Since a prior paper on analogy for estimating petroleum reserves (Hodgin and Harrell 2006), new dimensions of this topic have emerged. This paper provides updated guidance for analogy use and explains new concepts for the application of analogy in reserves estimation and classification.
Reserves evaluators using engineering and geoscience techniques now have new petroleum-reserves rules that include the use of analogy. In 2007, SPE finalized the Petroleum Resource Management System (PRMS) instructions, and in late 2008, the US Securities and Exchange Commission (SEC) published updated regulations on reserves reporting. Recent papers (Lee 2009; Etherington 2009) provide good summaries of the updated SEC rules and a comparison to PRMS. This paper will provide guidance to aid understanding of and compliance with these rules as related to the use of analogs.
The paper provides interpretations of new analogy-related terminology and the related reserves rules. It also gives examples of how these interpretations can be applied to common reserves-estimation situations where analogy is used.

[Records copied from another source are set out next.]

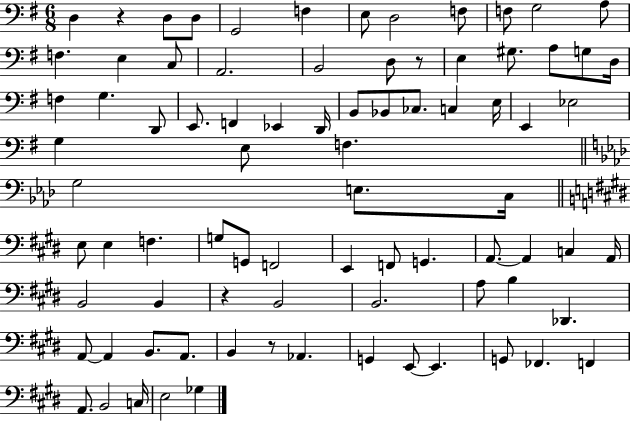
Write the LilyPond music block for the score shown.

{
  \clef bass
  \numericTimeSignature
  \time 6/8
  \key g \major
  d4 r4 d8 d8 | g,2 f4 | e8 d2 f8 | f8 g2 a8 | \break f4. e4 c8 | a,2. | b,2 d8 r8 | e4 gis8. a8 g8 d16 | \break f4 g4. d,8 | e,8. f,4 ees,4 d,16 | b,8 bes,8 ces8. c4 e16 | e,4 ees2 | \break g4 e8 f4. | \bar "||" \break \key aes \major g2 e8. c16 | \bar "||" \break \key e \major e8 e4 f4. | g8 g,8 f,2 | e,4 f,8 g,4. | a,8.~~ a,4 c4 a,16 | \break b,2 b,4 | r4 b,2 | b,2. | a8 b4 des,4. | \break a,8~~ a,4 b,8. a,8. | b,4 r8 aes,4. | g,4 e,8~~ e,4. | g,8 fes,4. f,4 | \break a,8. b,2 c16 | e2 ges4 | \bar "|."
} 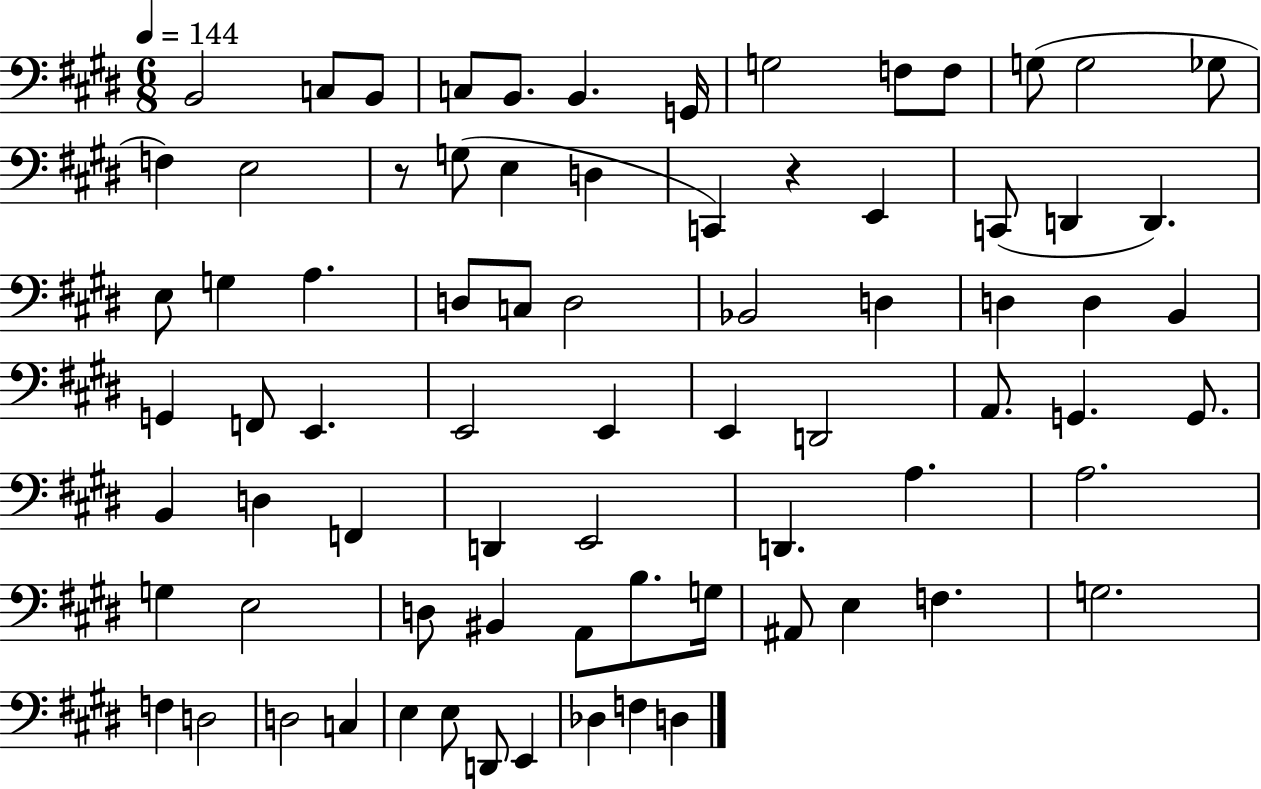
B2/h C3/e B2/e C3/e B2/e. B2/q. G2/s G3/h F3/e F3/e G3/e G3/h Gb3/e F3/q E3/h R/e G3/e E3/q D3/q C2/q R/q E2/q C2/e D2/q D2/q. E3/e G3/q A3/q. D3/e C3/e D3/h Bb2/h D3/q D3/q D3/q B2/q G2/q F2/e E2/q. E2/h E2/q E2/q D2/h A2/e. G2/q. G2/e. B2/q D3/q F2/q D2/q E2/h D2/q. A3/q. A3/h. G3/q E3/h D3/e BIS2/q A2/e B3/e. G3/s A#2/e E3/q F3/q. G3/h. F3/q D3/h D3/h C3/q E3/q E3/e D2/e E2/q Db3/q F3/q D3/q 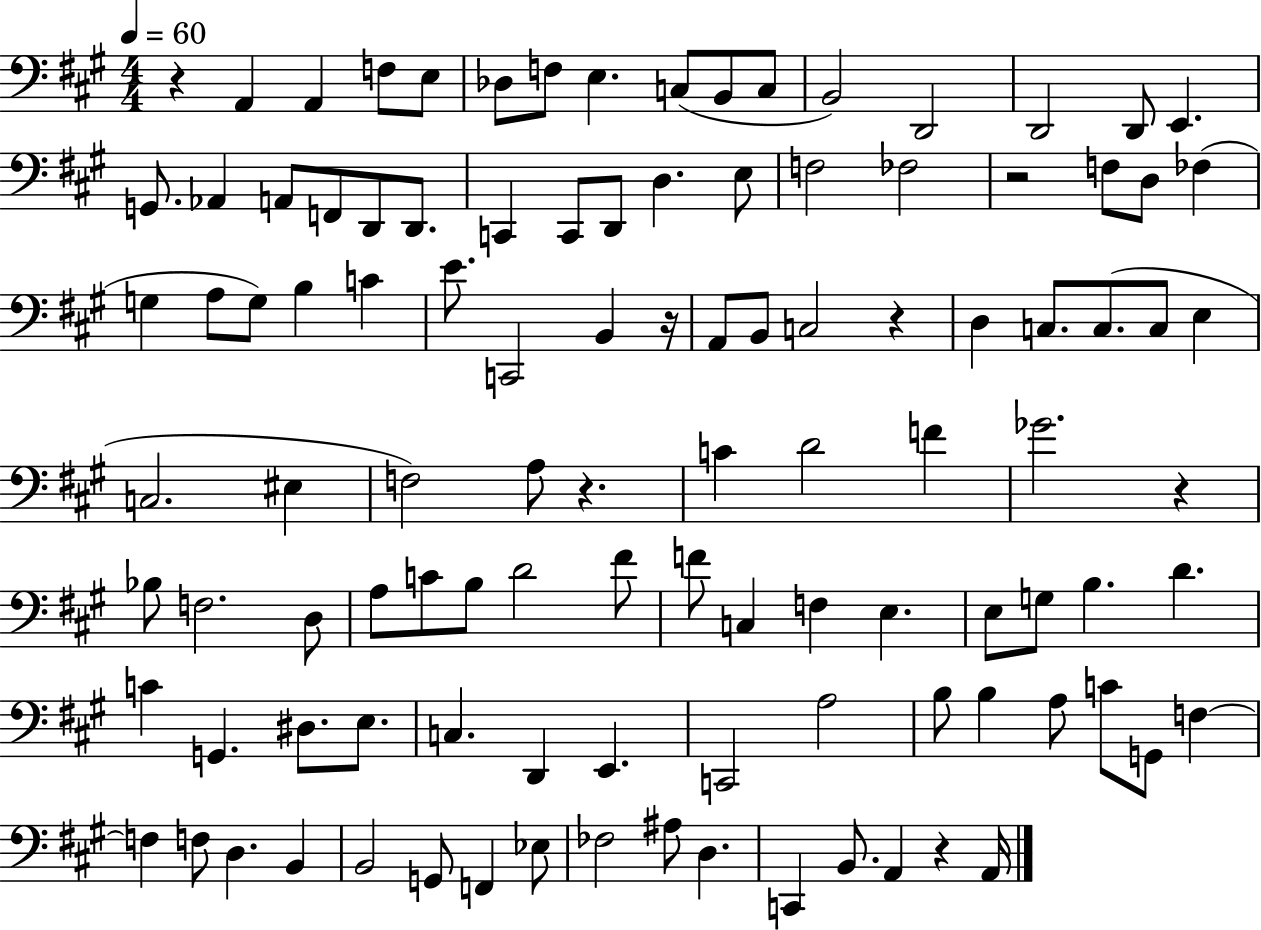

The paper also addresses new concepts concerning how analogies can be shown as valid and can be adjusted for minor differences in the comparison of target field with analogy field.
The recent publication of the US SEC reserves reporting rules, which draw partially from the SPE PRMS, has increased interest in deeper understanding of both these SEC rules and PRMS. This paper will assist those who develop and use petroleum-reserves data in understanding how the use of analogy can contribute to reliable reserves estimates and proper classification. Please note that the opinions expressed in this paper are those of the authors alone. They represent the opinions of neither the US SEC nor its staff members.